She went on to note that many respondents were awed by the achievements of peers who did not at first appear to be as gifted as others, but their commitment to their ambitions was exceptional. The same group noted how numerous “gifted” peers never made it.
Grit matters because extraordinary success takes time. In Duckworth’s research grit or “follow-through” was a better predictor for college leadership over SAT scores, high school rank and all other variables. It was also the single most powerful predictor of success in science, art, sports, communications and organization.
Grit mattered 120 years ago, and it matters now.
Three Ways to ‘Grit’ Over Holiday Stress
Despite the fact that the holidays are a time for rejoicing, it can also be very stressful with a lot of things piling up at once. If ever there’s a time when grit is needed, it’s during the month of December. Sustaining and applying your talents throughout the holiday season will prove to keep you on track professionally and personally.
Getting Stressed Out – Grit Over It
During the holidays you’ll be pulled in a lot of directions: looming deadlines pile up and your plate gets overly full fast. Stress factors that are manageable on a regular day can compact and push some people to the breaking point in December.

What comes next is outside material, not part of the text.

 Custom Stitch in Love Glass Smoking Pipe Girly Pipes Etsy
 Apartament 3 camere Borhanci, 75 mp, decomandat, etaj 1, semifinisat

Instead of letting it get the best of you, take time for yourself to reset and regain your focus. Even if you’re schedule is already full, putting aside time for stress release is important in making the rest of your day more productive. People with grit understand that setbacks like stress aren’t the end all be all. They’re just a bump in the road. Whether it’s meditation or going to the golf range, figure out what your de-stressor is and use that as a tool.
Getting Emotional – Grit Over It
Emotions can run high during the holidays and even cloud judgment and derail focus. Instead of using that extra holiday energy to feed your emotions, set up charitable work for your company. Use what you’re feeling whether positive or negative and harness it into a project that can help your business, family and others during the holidays.
Getting Distracted – Grit Over It
Grit is all about focused application of talents. It’s the ability to channel all your energy to your ONE Thing. During the rest of the year this is much easier, but during the holidays there are a lot of distractions and more personal priorities that can override the professional ones.
Keep your focus on the long term when it comes to your career and work, and let the family priorities take front seat in the short term. Factor in time for your ONE Thing, but lighten your workload so there’s time for everything else. That way holiday events aren’t a distraction they are part of your schedule.